Central Asia's most underrated nomad base

NOMAD SCORE

8.0

/10

£1200-£1600/Month
60 days on arrival
UTC+9
Last verified May 2026

— Quick verdict

Best months

Mar–May · Sep–Nov

Monthly Budget

£1200-£1600

Visa

60 days on arrival

Internet

109 Mbps avg (Osaka)

This place suits you if

You want a base where the infrastructure never gives you a reason to complain. You work async or with clients in Asian time zones. You're happy to engage with the culture rather than observe it from a distance. You've done the obvious destinations and want somewhere with genuine texture.

Probably not your place if

You need regular live calls with clients in London or New York. You want a ready-made nomad community with meetups and a group chat. You're planning to arrive without accommodation sorted and absorb short-term costs. You're visiting in July or August without somewhere air-conditioned to retreat to.

Japan is on everyone’s list. That’s the problem.

Most people who talk about living here have visited for two weeks, stayed in a Shibuya hotel, and come back telling you about temples and vending machines. They’re not wrong, exactly. But they’ve missed the thing that actually makes Japan worth basing yourself in: it functions better than almost anywhere else on earth. That goes for the bullet trains and it goes for the espresso in a neighbourhood café at eleven at night.

I spent the better part of a year in Osaka, mostly in Sakuragawa, with time in Tokyo and Kyoto. Osaka was the right call. It’s grittier than Tokyo, more neighbourhood-scale, and the people are more open. The bars don’t close. The food is extraordinary and cheap. And nobody in your network has probably been there, which matters more than it sounds when you’re trying to write honestly about a place.

Japan is not for everyone as a base. It’s not cheap backpacker territory. The apartments are small. The language wall is real. And if you want a ready-made nomad community with weekly meetups and a Telegram group, you’ll be waiting. But for the right person, someone who wants somewhere that actually works in every sense of that word, there are very few places that come close.

Japan digital nomad guide 2026

Things just work here. The trains, the internet, the coffee, the streets at midnight. You stop noticing it eventually, which is exactly the point.


Why Japan right now

The yen has been weak. That’s the blunt version of a more interesting story.
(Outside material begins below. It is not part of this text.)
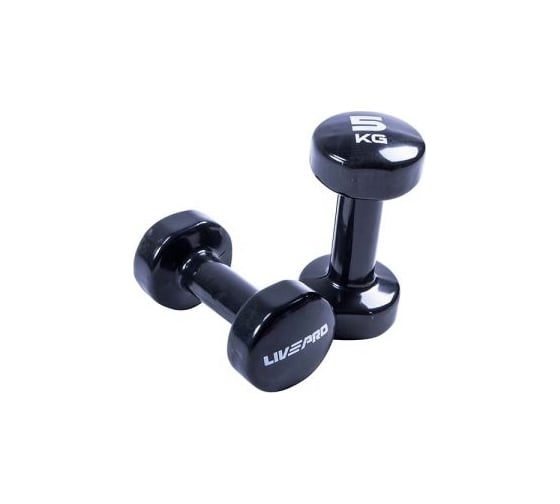 Гантели LIVEPRO для аэробики Colored Studio Dumbbell, 5 кг, черный NL LP8076-5 BK-00-00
Japan spent decades as shorthand for “expensive.” That reputation was earned and, for a long time, accurate. But the currency shift of recent years has changed the real-terms cost of being here considerably, particularly for dollar and pound earners. Tokyo, which routinely ranks in the top ten most livable cities in the world, is now competitive in cost with major US and European cities for anyone earning outside Japan. Osaka runs cheaper still.

The practical side of Japan has always been exceptional. Internet speeds that embarrass most Western cities. Public transport so reliable you stop thinking about it. Convenience stores open around the clock selling hot food, stationery, phone chargers, and surprisingly good coffee. The day-to-day logistics that drain you in other countries simply don’t here.

The government moved on digital nomads in 2024, launching a dedicated visa. The income bar is high, more on that below, but the fact it exists signals intent, and Japan’s tech infrastructure was already built for it. The nomad world is only just starting to take Osaka seriously as a base, which means you’re getting in before the obvious wave arrives.

The late-night culture is the thing no guide mentions. Japan has a reputation for early bedtimes and rigid office hours, and that’s real. What’s also real is that those same office workers go out after work and stay out properly. Izakayas fill at nine and clear at midnight. Then people move on. Then again. Getting up for work on four hours sleep is treated as a badge of honour. The drinking and eating culture here is one of the most alive I’ve encountered anywhere, and it’s completely invisible from the outside.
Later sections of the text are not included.